Constitution

And By-Laws

Of the

Housatonic

Fly Fishermen’s

Association Inc.

**Adopted 11/1/05

Table of Contents
                                                    Page
Forward         1
Article I  Name       2
Article II   Objectives      2

Article III  Officers      2

Article IV  President      4

Article V  Vice Presidents     4

Article VI  Secretary      4

Article VII   Treasurer       5

Article VIII  Board Of Directors    5

Article IX  Committees      6

Article X  Membership     6

Article XI  Meetings      7

Article XII   Association Property & Assets  8

Article XIII  Amendments To The Constitution  9

    And By-Laws  

Article XIV  Payment Of Bills     9
Article XV  Meeting Procedure    9
Date of Amendments       10
Page 1
Forward
These By-Laws provide the basic structure for the operation of the HFFA.

They are designed to enable the HFFA to conduct its business in the most expeditious and just manner and,
accordingly, must be changed as necessary to reflect activities, objectives and structure.

As a member of the HFFA you have a responsibility to be familiar with the By-Laws and to be certain that all club
business is conducted in accordance with these By-Laws.

Constitution and By-Laws
Of the Housatonic Fly Fisherman’s Association Inc.

Article I
Name

Section 1. This Association shall be called the HOUSATONIC FLY FISHERMEN’S ASSOCIATION INC., also known
as the H.F.F.A.

Article II

Objectives

Section 1. Having a strong and abiding interest in the Housatonic River and its continued existence as a famous
trout stream, we are united to preserve and protect that fishery.

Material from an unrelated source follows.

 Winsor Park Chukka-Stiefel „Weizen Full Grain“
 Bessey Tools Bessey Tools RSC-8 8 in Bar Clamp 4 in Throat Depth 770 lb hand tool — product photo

We unite to promote good fellowship, to further the art and skills of fly fishing, and to aid in the formulation and
establishment of sound policies to conserve, restore and protect the Housatonic River for this and future
generations. Furthermore, the H.F.F.A. supports and seeks to enhance those local, state, and federal laws,
policies and regulations, which protect the river; inhibit and deter flooding; deter river disturbance and pollution;
prevent damage from erosion, turbidity, and/or siltation; prevent the loss of natural habitats, wildlife, and
vegetation; and that encourage Public Access along the river.

Page 2

Article III

Officers

Section 1. The officers of this organization shall be President, First Vice President, Second Vice President, First
Secretary, Second Secretary, First Treasurer, and Second Treasurer. Officers shall be elected by members of
the Association at the annual meeting. Only those members, in good standing, attending the annual meeting, can
cast a vote. Officers will hold the elected office for one year or until successors are elected.

Section 2. Procedures for the election of officers and directors.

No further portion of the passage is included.